START EXTRACTED ENTRIES

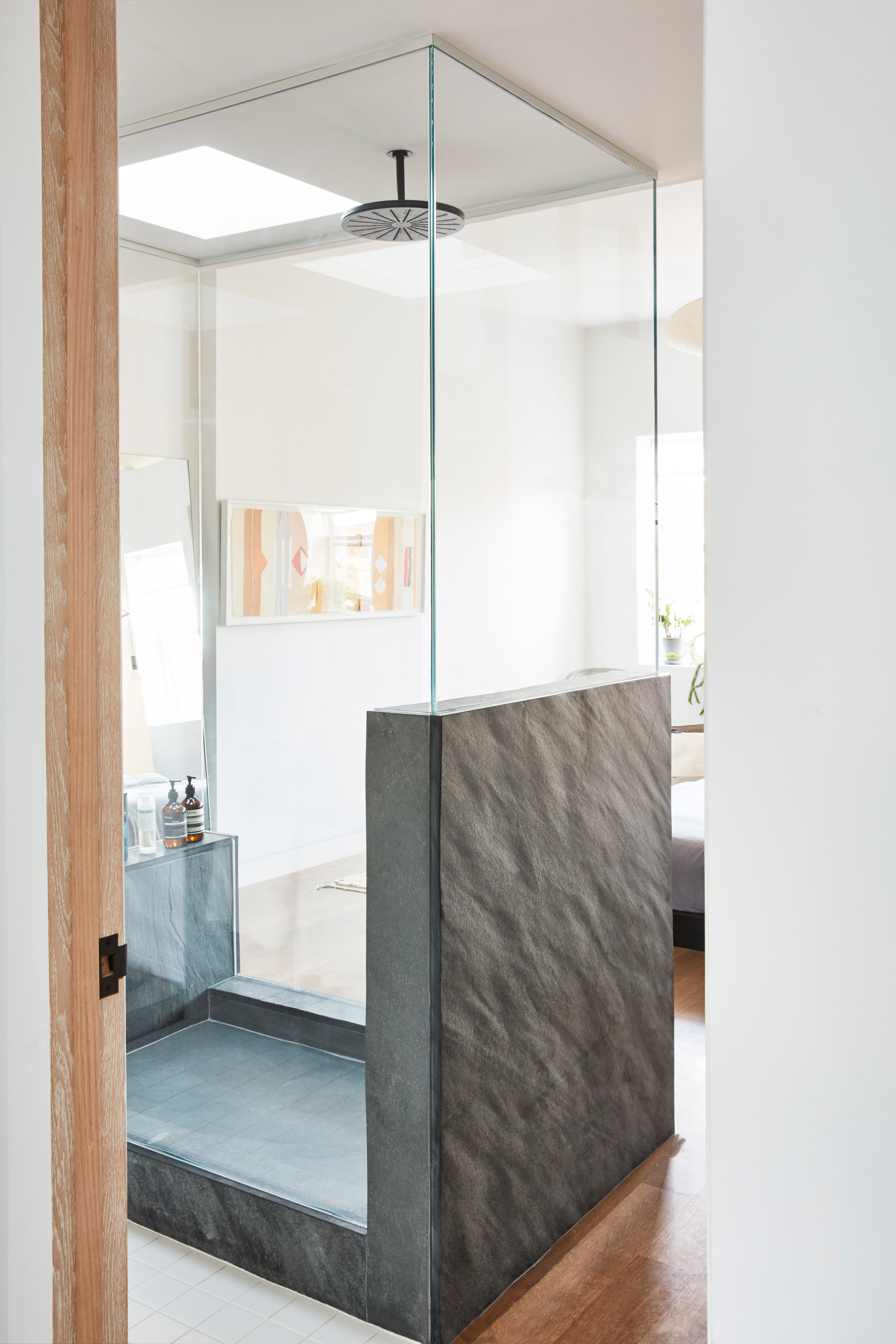 重塑褐石空间，开放式布局与自然光完美融合-21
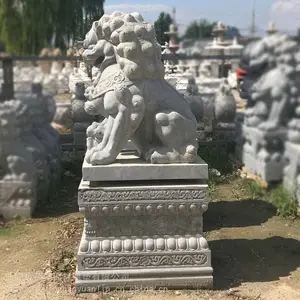 ��ʯʯͷʨ�� ������ʯ��ʨ��һ�Ի�����ʨ�ӵ�λ�ſڰڼ�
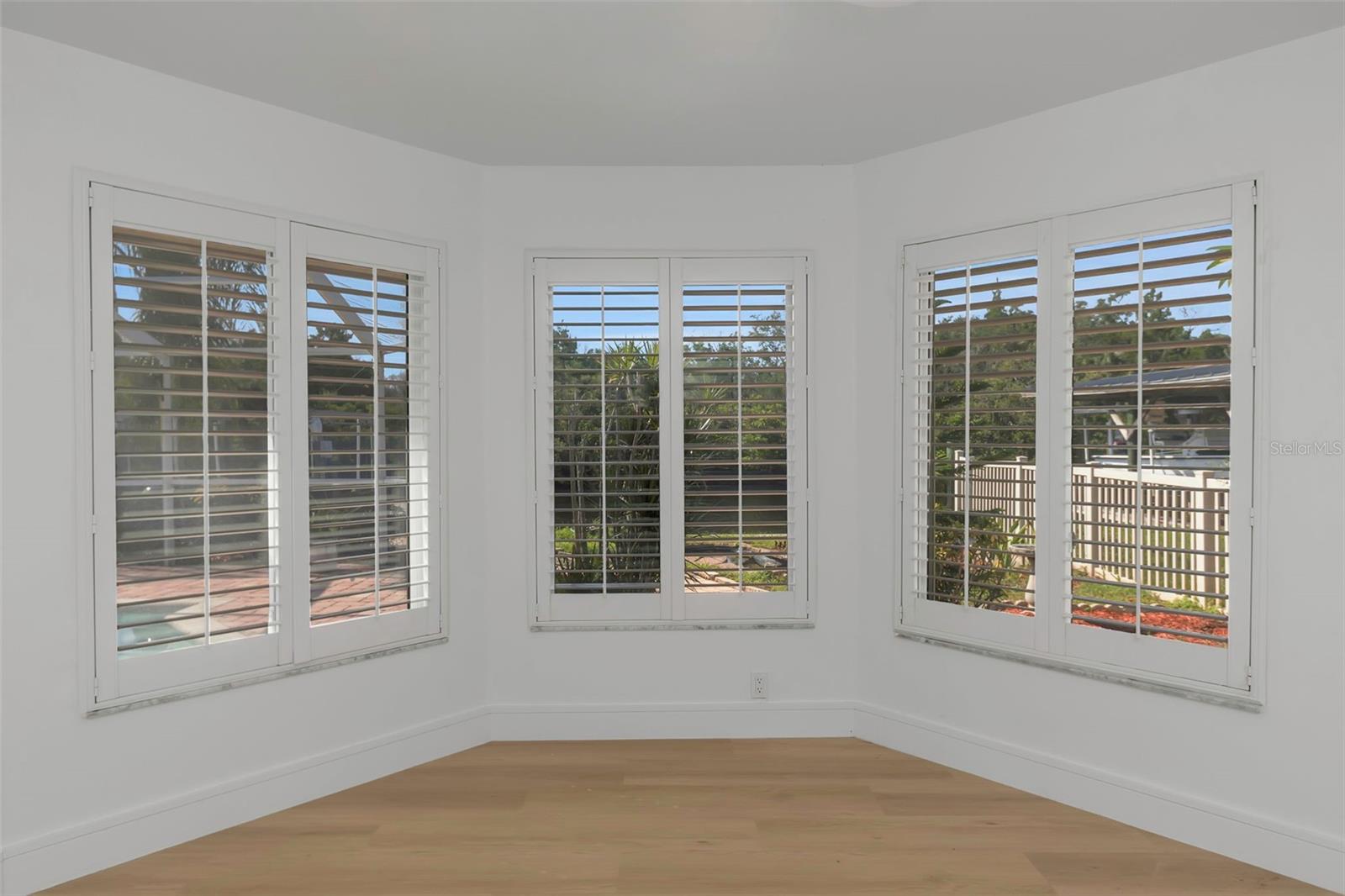 220 DRIFTWOOD DR S — photo 49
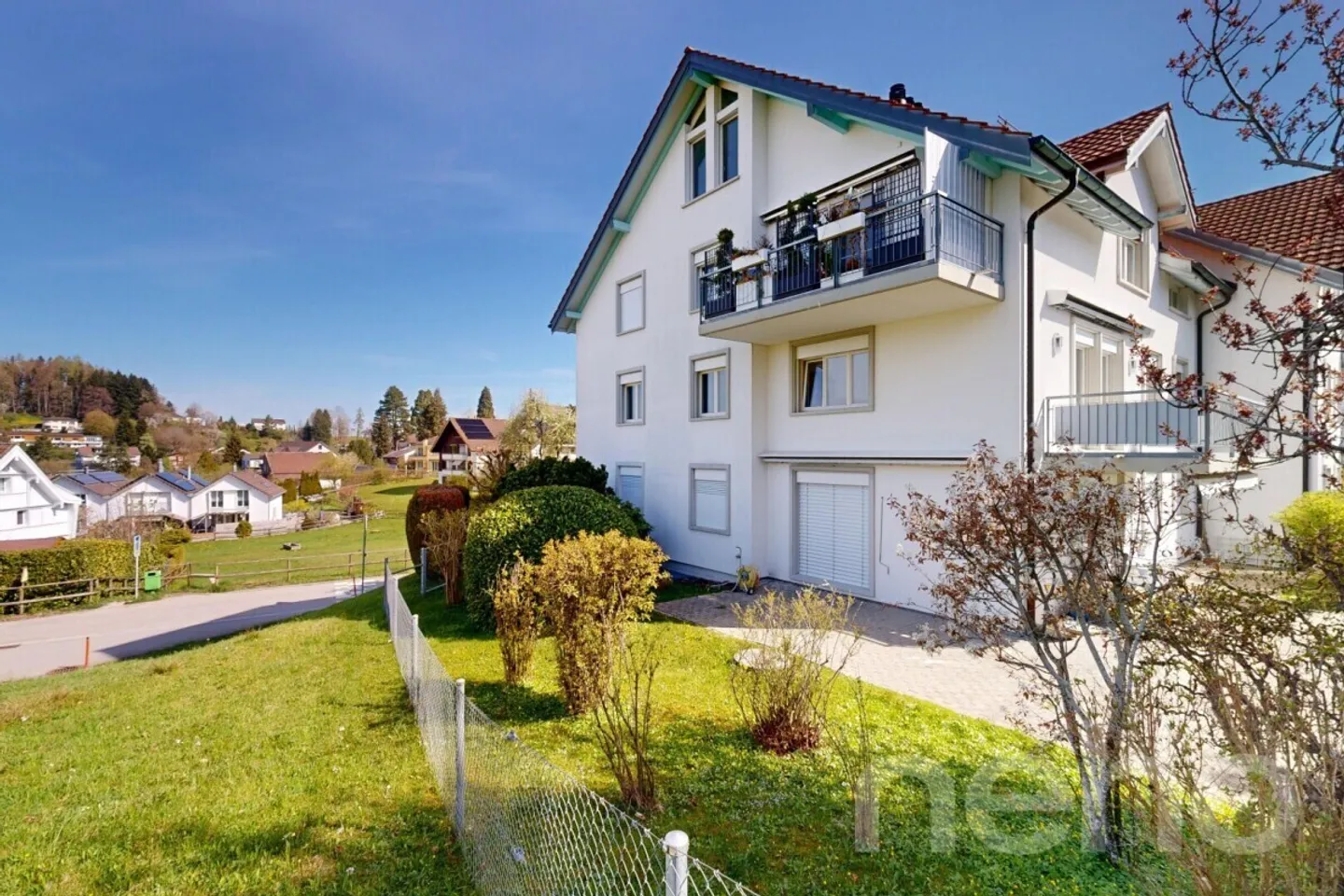 Quietly located yet close to the city 4.5-room apartment in Niederteufen - Photo 2 of 12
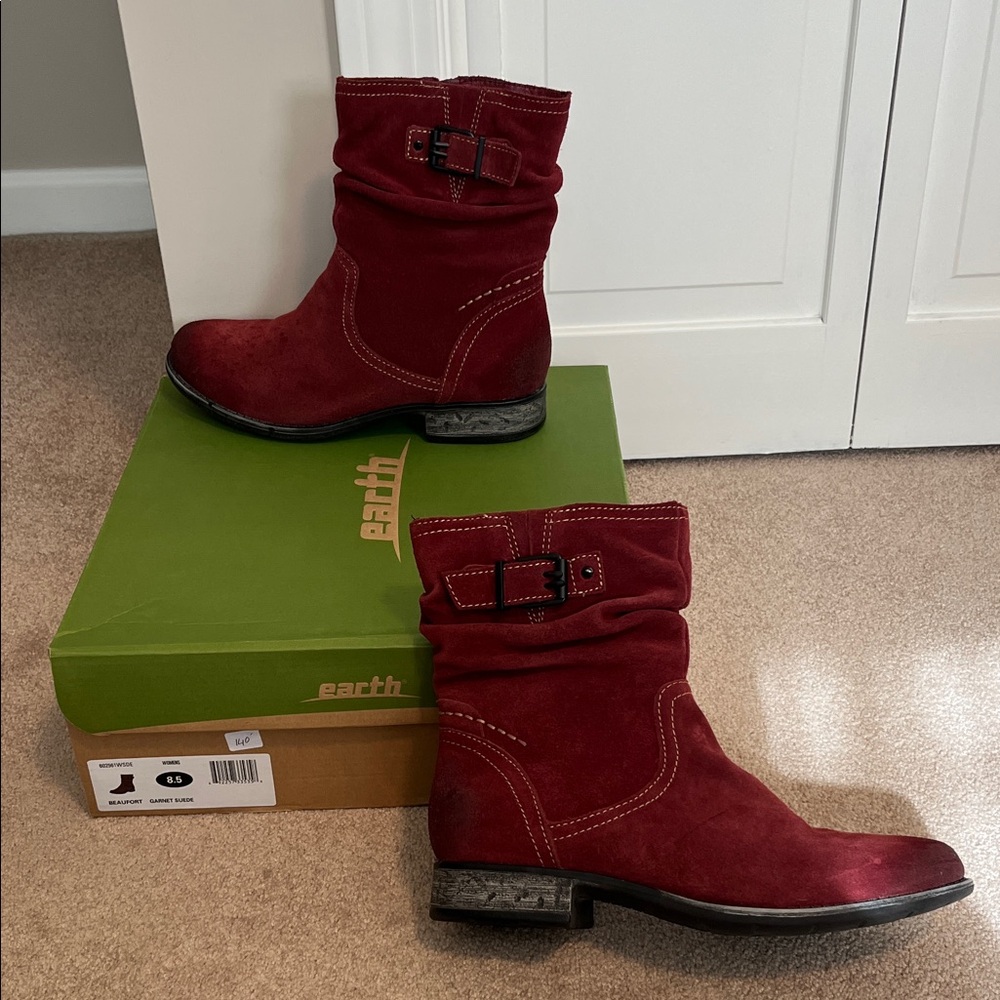 Earth Women's Burgundy Suede Boots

END EXTRACTED ENTRIES

» ASSIGNMENT:
Could all the data above be given again exactly, leaving out its images?

» COMPLETED TASK:
 重塑褐石空间，开放式布局与自然光完美融合-21
 ��ʯʯͷʨ�� ������ʯ��ʨ��һ�Ի�����ʨ�ӵ�λ�ſڰڼ�
 220 DRIFTWOOD DR S — photo 49
 Quietly located yet close to the city 4.5-room apartment in Niederteufen - Photo 2 of 12
 Earth Women's Burgundy Suede Boots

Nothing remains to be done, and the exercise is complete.